Captioned web images:
■ ■ ■

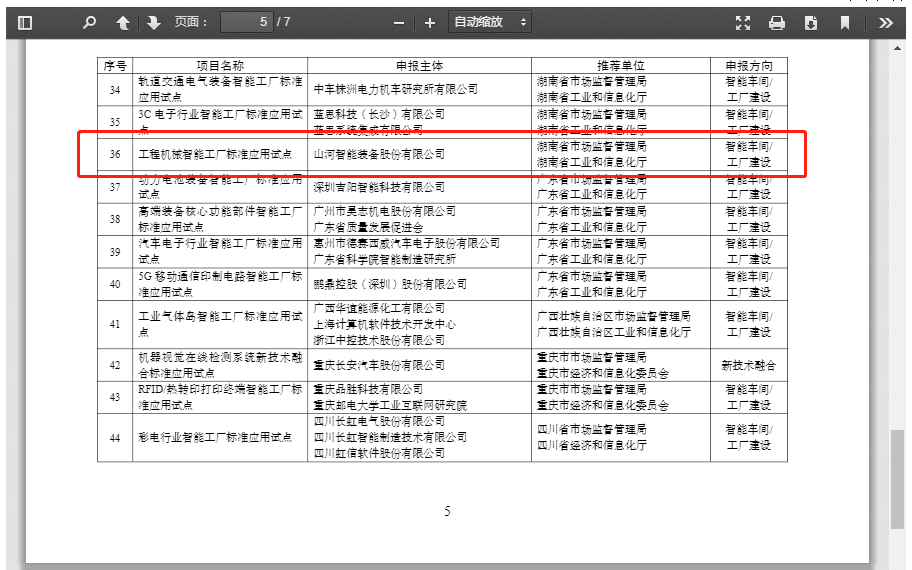 再獲國家級認證！山河智能入選工信部“2022年度智能制造標準應用試點項目”
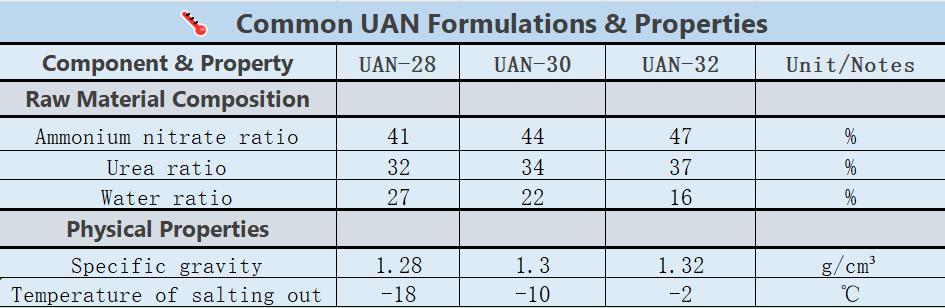 Urea Ammonium Nitrate.jpg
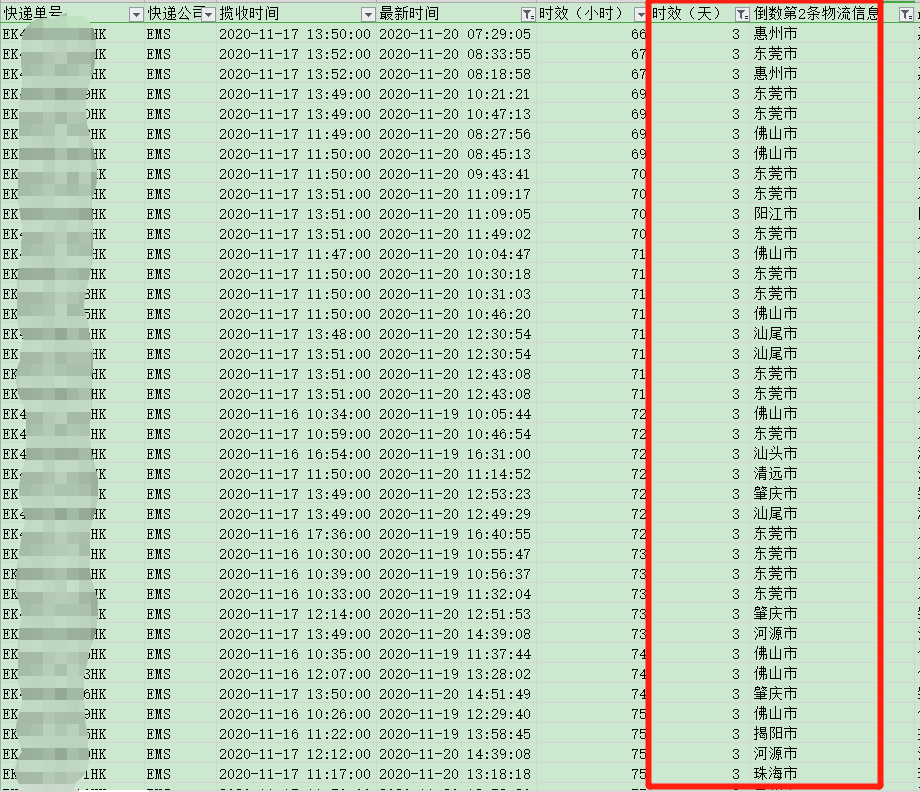 香港直邮时效-红旗速运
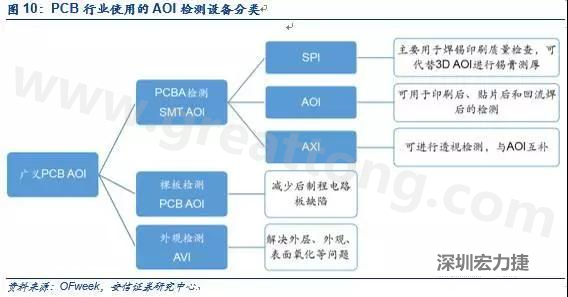 DIP檢測與SMT類似，最關(guān)鍵的放置位置是波峰焊后的檢測；外觀檢測可針對包括HDI、柔性板在內(nèi)的電路板。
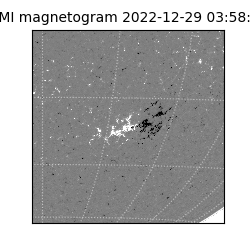 shmi - 2022-12-29T03:58:29.800000
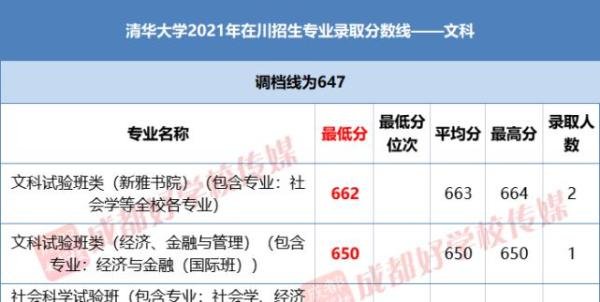 重磅!清华北大2021年在四川专业录取分数线出炉!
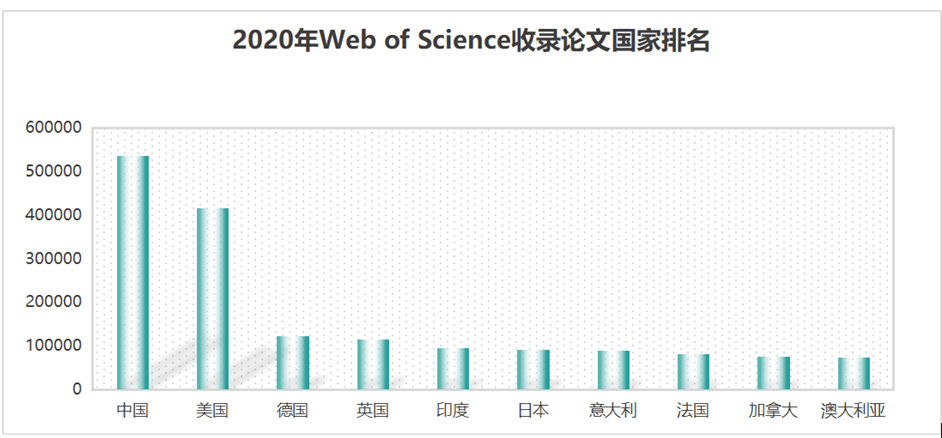 被 卡脖子 的中国学术期刊 影响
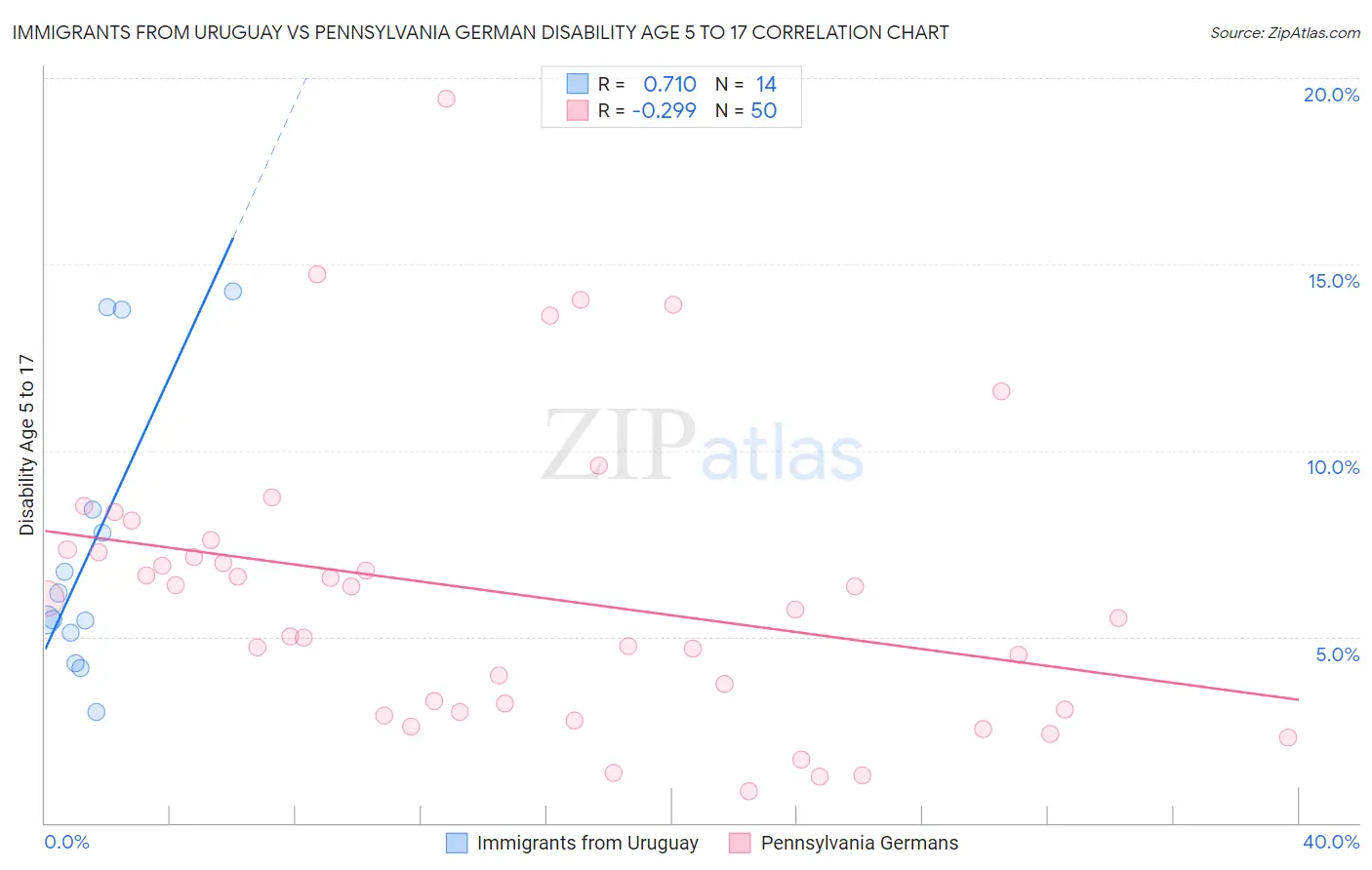 Immigrants from Uruguay vs Pennsylvania German Disability Age 5 to 17
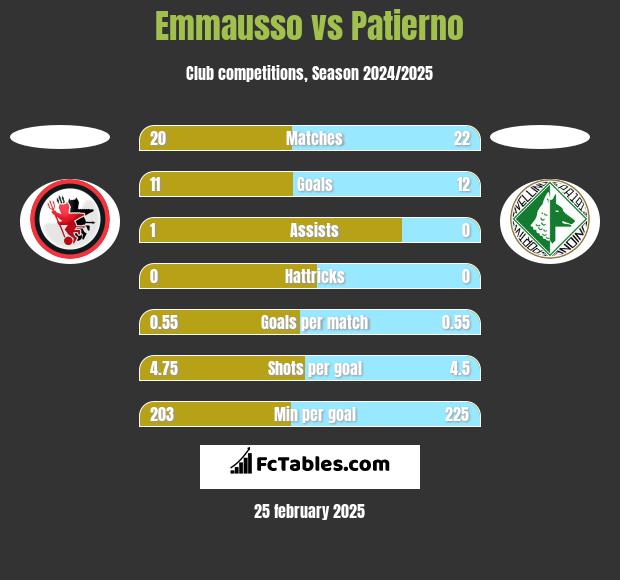 Emmausso vs Patierno h2h player stats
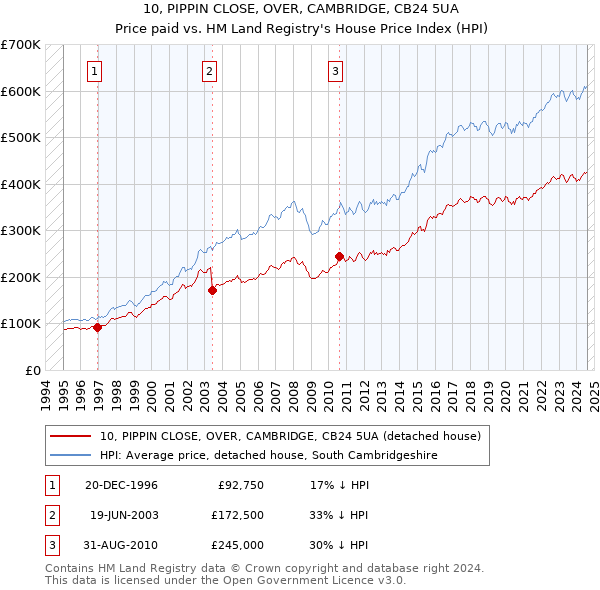 10, PIPPIN CLOSE, OVER, CAMBRIDGE, CB24 5UA: Price paid vs HM Land Registry's House Price Index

■ ■ ■

## PROBLEM DETAILS
The required answer is the lines from the one that contains "被 卡脖子 的中国学术期刊 影响" through the last line of the records, restated word for word, with every picture dropped.

## SOLUTION TO THE PROBLEM
 被 卡脖子 的中国学术期刊 影响
 Immigrants from Uruguay vs Pennsylvania German Disability Age 5 to 17
 Emmausso vs Patierno h2h player stats
 10, PIPPIN CLOSE, OVER, CAMBRIDGE, CB24 5UA: Price paid vs HM Land Registry's House Price Index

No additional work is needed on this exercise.